▼
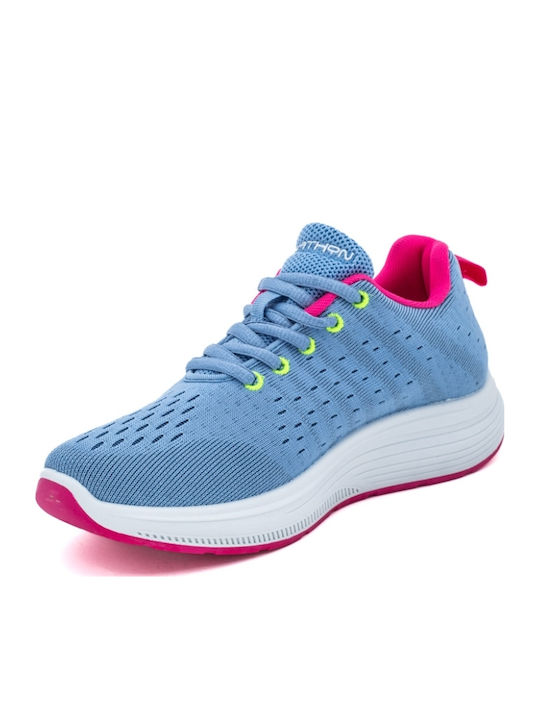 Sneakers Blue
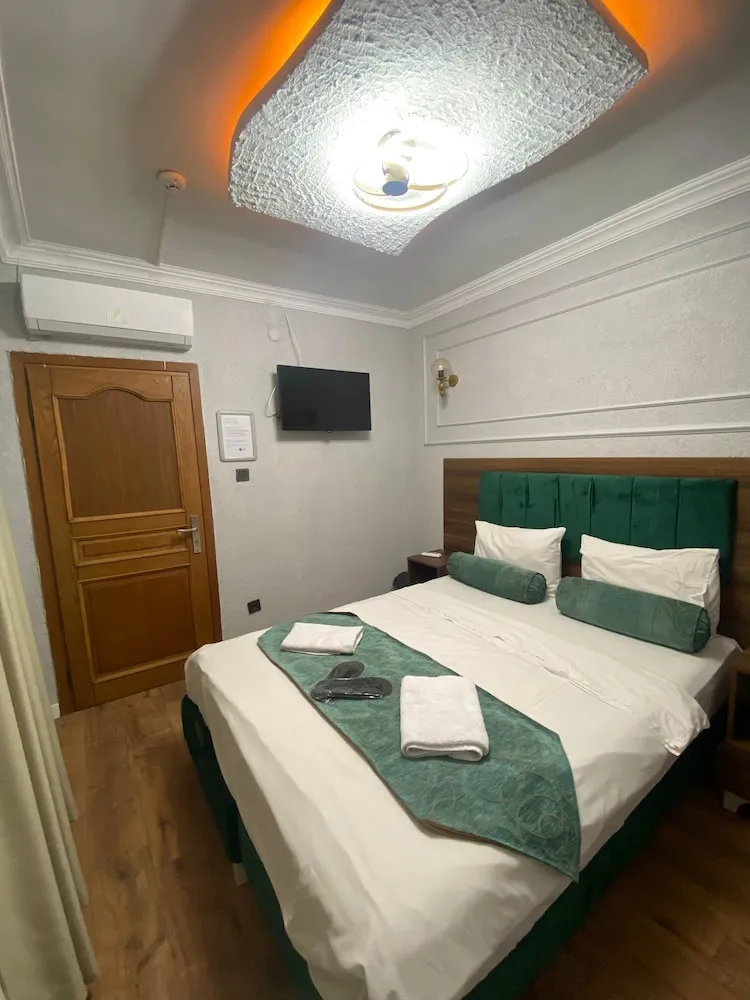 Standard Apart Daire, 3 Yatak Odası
▲
▼
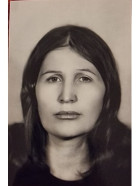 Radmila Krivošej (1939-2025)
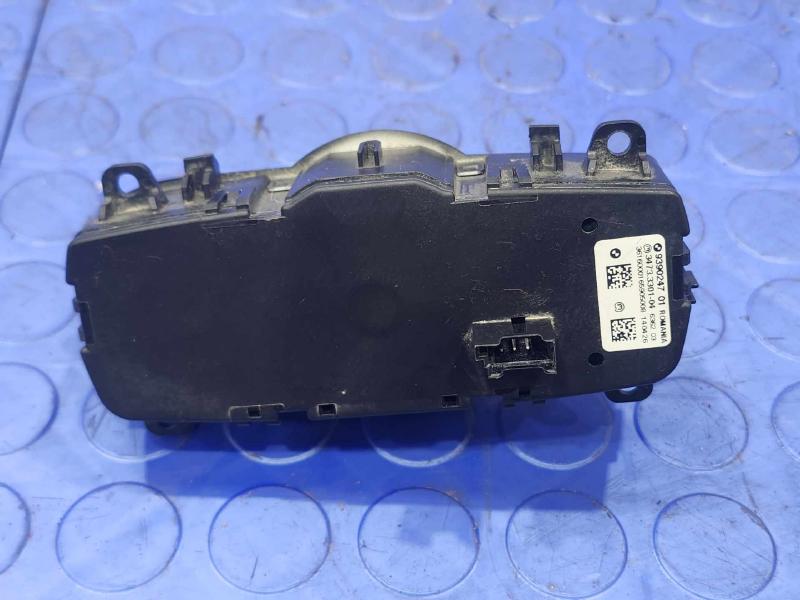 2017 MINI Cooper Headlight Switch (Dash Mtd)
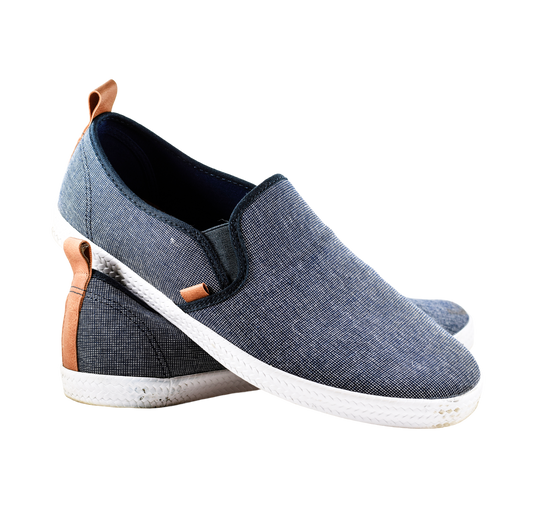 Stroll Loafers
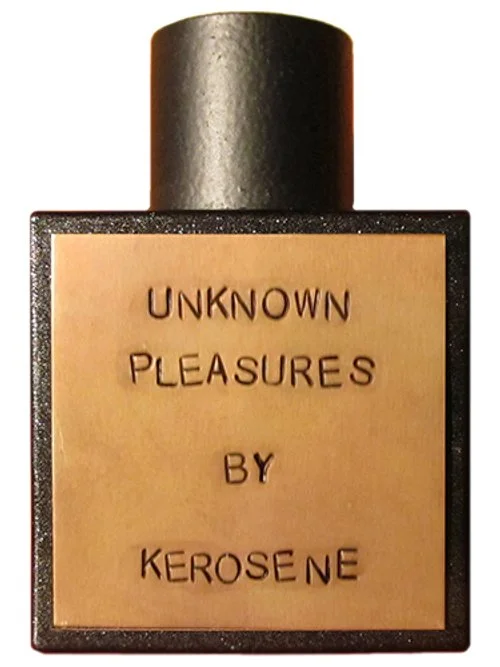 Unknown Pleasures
▲
▼
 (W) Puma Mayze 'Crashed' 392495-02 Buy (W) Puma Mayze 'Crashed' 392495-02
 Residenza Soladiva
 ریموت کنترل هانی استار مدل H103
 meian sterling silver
▲
The task
Above are the records; restate exactly the lines from the one containing "Radmila Krivošej (1939-2025)" through the one containing "Unknown Pleasures", keeping pictures out.

Answer space
 Radmila Krivošej (1939-2025)
 2017 MINI Cooper Headlight Switch (Dash Mtd)
 Stroll Loafers
 Unknown Pleasures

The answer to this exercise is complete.